Independent steroid control of the fates of motoneurons and their muscles during insect metamorphosis

JC Weeks and JW Truman

The metamorphosis of insects is controlled by the blood titers of a small number of developmental hormones including a class of steroids, the ecdysteroids. We have studied the developmental fates of several muscles and their motoneurons during the larval-pupal transformation of the tobacco hornworm, Manduca sexta. The endocrine events which trigger pupal development are first, a fall in the blood titer of juvenile hormone, followed by two subsequent elevations of blood ecdysteroids.
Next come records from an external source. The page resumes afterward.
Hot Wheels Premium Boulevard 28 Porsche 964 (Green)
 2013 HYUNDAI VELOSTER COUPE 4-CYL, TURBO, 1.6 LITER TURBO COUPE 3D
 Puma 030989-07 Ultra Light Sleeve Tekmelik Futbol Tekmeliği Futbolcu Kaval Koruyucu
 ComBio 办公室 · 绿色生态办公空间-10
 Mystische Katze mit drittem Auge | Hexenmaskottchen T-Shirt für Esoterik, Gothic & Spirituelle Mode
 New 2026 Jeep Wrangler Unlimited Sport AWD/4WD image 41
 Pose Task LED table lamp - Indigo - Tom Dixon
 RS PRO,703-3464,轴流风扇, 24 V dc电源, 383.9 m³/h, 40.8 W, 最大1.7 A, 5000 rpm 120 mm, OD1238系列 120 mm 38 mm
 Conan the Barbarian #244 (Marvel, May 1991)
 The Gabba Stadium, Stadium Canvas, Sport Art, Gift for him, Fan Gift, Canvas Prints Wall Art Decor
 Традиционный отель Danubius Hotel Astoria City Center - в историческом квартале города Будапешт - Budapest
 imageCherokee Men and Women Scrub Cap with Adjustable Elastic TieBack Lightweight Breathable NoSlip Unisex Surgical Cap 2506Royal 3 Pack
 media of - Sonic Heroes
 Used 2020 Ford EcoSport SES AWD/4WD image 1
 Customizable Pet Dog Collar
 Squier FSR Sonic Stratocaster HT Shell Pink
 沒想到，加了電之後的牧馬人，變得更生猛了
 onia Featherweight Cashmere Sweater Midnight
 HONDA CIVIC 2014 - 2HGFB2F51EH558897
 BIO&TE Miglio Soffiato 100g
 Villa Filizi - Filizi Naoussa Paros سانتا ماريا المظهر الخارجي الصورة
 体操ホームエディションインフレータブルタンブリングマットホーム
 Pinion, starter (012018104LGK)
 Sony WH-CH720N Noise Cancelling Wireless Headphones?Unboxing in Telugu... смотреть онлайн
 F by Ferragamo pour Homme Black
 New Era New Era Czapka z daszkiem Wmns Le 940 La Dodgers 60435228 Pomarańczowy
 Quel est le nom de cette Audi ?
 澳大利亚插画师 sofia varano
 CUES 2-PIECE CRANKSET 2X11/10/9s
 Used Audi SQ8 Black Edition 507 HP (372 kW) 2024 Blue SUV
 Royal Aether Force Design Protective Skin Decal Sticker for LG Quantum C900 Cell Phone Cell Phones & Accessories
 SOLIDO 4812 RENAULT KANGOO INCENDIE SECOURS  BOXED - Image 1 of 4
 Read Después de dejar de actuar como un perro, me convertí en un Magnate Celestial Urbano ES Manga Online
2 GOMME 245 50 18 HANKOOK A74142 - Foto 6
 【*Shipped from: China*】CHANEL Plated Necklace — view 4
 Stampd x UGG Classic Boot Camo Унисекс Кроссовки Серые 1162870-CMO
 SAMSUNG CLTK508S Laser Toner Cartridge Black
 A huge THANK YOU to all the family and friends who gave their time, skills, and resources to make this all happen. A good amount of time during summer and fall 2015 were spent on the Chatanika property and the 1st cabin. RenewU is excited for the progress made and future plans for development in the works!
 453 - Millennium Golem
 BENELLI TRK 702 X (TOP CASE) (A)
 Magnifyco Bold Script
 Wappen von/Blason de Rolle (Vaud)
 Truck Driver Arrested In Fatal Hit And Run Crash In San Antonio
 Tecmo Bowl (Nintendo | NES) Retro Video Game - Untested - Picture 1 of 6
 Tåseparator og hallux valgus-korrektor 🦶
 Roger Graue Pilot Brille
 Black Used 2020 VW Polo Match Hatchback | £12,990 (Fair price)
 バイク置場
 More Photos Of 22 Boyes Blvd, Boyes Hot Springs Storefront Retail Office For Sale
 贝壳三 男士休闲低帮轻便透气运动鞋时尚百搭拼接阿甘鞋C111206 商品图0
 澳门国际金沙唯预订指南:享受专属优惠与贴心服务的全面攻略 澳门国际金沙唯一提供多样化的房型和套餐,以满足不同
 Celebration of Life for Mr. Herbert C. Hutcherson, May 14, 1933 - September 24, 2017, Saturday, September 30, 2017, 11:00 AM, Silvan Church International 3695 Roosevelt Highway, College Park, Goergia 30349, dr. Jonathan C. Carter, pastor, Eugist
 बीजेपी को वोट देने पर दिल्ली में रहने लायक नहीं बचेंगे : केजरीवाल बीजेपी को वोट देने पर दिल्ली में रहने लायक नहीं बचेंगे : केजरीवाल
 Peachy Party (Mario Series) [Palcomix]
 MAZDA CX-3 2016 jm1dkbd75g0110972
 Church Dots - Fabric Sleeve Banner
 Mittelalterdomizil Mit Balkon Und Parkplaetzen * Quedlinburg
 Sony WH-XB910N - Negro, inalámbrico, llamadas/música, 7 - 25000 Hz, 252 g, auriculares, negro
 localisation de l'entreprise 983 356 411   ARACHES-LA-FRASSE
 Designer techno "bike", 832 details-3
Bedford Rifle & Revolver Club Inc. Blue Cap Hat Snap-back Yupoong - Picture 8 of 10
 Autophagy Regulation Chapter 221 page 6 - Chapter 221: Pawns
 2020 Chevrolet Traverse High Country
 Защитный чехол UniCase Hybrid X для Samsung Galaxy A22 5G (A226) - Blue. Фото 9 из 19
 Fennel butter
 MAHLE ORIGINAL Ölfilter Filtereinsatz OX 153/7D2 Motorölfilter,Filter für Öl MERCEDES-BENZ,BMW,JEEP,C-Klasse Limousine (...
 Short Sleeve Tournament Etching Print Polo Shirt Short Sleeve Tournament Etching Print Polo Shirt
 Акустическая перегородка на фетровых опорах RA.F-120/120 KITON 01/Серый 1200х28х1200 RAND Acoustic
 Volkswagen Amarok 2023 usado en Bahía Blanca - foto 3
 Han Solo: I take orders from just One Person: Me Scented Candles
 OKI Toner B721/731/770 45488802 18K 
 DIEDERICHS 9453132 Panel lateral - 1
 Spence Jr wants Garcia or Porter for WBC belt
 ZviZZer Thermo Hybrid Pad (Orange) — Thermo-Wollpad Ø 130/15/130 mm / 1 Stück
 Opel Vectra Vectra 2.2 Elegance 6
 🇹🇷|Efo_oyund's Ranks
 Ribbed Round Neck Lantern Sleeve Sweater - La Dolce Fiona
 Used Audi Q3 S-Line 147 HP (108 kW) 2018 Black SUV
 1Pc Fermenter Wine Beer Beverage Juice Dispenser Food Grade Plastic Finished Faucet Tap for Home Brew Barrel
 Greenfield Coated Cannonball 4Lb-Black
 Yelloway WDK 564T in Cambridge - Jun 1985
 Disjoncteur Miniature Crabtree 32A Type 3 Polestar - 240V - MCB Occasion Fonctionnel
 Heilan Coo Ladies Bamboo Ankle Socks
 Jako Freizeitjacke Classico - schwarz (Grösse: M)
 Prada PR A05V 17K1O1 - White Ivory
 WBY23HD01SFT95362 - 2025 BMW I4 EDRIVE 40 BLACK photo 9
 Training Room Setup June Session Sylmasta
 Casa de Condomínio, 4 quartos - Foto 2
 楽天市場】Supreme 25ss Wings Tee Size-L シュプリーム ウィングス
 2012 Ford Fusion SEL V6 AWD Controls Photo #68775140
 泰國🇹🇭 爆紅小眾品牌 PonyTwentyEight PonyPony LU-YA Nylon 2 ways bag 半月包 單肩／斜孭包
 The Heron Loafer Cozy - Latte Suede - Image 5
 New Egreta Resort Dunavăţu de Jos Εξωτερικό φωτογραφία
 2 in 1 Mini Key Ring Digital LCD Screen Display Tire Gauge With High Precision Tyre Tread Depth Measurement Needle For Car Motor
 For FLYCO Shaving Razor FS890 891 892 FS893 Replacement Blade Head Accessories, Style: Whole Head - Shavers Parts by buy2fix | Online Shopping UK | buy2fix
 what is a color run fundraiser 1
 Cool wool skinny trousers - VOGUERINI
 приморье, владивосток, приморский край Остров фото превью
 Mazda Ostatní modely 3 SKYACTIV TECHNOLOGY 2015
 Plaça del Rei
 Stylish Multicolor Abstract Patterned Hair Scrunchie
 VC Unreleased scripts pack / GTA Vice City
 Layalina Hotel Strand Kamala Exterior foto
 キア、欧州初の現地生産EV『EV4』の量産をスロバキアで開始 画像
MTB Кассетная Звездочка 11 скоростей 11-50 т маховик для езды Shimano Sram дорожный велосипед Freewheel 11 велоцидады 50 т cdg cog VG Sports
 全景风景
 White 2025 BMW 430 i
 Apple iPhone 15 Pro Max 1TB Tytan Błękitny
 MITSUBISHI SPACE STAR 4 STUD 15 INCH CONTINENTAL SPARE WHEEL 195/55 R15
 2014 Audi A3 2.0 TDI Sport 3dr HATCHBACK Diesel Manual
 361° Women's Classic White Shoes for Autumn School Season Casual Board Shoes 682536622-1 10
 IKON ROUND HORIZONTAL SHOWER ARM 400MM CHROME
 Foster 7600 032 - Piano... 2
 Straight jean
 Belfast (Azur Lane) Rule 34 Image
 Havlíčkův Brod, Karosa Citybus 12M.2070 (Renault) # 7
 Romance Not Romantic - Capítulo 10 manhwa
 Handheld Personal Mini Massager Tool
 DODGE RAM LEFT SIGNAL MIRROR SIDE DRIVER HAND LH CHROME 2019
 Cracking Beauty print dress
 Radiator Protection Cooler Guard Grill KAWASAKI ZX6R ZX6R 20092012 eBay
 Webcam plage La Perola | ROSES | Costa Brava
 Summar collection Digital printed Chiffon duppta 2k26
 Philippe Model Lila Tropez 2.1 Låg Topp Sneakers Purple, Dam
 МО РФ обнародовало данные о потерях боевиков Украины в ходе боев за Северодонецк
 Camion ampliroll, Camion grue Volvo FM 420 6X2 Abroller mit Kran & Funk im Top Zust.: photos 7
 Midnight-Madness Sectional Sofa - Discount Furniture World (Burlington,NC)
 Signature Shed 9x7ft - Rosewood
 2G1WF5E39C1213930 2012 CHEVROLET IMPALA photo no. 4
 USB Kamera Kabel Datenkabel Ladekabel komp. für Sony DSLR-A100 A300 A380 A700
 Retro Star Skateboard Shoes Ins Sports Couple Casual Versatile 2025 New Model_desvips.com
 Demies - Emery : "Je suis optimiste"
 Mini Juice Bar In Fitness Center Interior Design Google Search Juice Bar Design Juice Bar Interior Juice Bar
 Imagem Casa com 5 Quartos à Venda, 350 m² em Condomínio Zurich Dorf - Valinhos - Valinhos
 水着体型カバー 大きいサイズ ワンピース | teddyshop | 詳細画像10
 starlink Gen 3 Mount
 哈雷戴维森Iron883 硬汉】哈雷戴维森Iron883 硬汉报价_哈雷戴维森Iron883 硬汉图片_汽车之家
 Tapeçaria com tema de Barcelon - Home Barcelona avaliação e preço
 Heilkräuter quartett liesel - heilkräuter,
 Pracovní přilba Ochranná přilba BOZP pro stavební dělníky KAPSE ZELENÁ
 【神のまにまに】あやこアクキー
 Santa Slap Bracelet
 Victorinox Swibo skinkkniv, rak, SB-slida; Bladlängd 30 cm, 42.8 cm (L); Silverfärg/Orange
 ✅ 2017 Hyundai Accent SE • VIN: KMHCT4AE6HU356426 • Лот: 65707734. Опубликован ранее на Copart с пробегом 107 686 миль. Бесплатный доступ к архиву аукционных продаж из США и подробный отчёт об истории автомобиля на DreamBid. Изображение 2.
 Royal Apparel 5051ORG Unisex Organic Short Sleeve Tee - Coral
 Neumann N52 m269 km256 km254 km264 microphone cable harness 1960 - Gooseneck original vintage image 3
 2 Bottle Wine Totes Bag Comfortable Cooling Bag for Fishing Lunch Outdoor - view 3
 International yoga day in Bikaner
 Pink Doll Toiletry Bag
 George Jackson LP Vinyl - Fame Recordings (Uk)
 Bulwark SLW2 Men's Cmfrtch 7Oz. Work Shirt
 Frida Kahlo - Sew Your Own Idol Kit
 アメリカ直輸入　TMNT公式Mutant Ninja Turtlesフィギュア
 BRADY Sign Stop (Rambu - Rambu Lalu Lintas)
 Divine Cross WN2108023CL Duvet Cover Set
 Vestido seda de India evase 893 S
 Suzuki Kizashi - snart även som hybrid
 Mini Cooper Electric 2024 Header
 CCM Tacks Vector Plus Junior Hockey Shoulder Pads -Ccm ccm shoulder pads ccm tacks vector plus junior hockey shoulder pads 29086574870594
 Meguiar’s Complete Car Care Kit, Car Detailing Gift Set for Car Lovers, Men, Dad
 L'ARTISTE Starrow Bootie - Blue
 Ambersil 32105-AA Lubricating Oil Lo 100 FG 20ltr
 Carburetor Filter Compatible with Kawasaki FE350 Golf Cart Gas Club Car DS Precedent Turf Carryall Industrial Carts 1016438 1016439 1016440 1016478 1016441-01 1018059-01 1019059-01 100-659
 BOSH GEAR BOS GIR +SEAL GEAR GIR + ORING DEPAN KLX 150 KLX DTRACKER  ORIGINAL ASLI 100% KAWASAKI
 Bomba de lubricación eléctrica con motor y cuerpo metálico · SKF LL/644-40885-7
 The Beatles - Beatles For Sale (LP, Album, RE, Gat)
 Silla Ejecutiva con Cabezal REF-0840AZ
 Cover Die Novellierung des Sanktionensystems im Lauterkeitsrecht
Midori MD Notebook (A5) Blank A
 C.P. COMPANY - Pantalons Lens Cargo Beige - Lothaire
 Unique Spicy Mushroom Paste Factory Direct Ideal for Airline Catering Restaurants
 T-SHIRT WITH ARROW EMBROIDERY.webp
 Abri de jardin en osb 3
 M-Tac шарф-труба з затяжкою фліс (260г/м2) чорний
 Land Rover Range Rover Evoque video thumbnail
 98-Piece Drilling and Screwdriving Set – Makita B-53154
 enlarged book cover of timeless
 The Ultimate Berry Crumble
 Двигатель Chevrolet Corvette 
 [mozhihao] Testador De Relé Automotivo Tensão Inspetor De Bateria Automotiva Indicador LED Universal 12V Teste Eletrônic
The small "commitment pulse" of ecdysteroids commits tissues to pupal development, whereas the sustained "prepupal peak" causes the new pupa to be formed (Riddiford, L. M. (1980) In Progress in Ecdysone Research, J.A. Hoffmann, ed., pp. 409-430, Elsevier/North-Holland Biomedical Press, Amsterdam). In the present experiments we were able to correlate specific aspects of the changing blood steroid titers with the degeneration of larval muscles, and with the dendritic regression and death of their motoneurons. The abdominal prolegs, which are the principal locomotory appendages of the caterpillar, are lost during the larval-pupal transformation. We have followed the fates of a proleg retractor muscle, PPRM, and its single motoneuron, PPR. Two other differently fated abdominal muscles not associated with the proleg were also studied. Surgical and endocrinological manipulations showed that PPRM degenerates in response to the rising phase of the prepupal ecdysteroid peak and that interactions with its motoneuron are not involved in the muscle's death. Motoneuron PPR responds to the rising prepupal peak by first reducing its dendritic arbor by 40% and then dying. Other proleg motoneurons regress but do not die, indicating that dendritic regression is programmed separately from neuronal death. Neither the dendritic reduction nor the death of PPR involves interactions with its target muscle. These results indicate that ecdysteroids have independent and parallel effects in the periphery, where they cause muscle degeneration, and in the central nervous system, where they cause dendritic regression and death of motoneurons.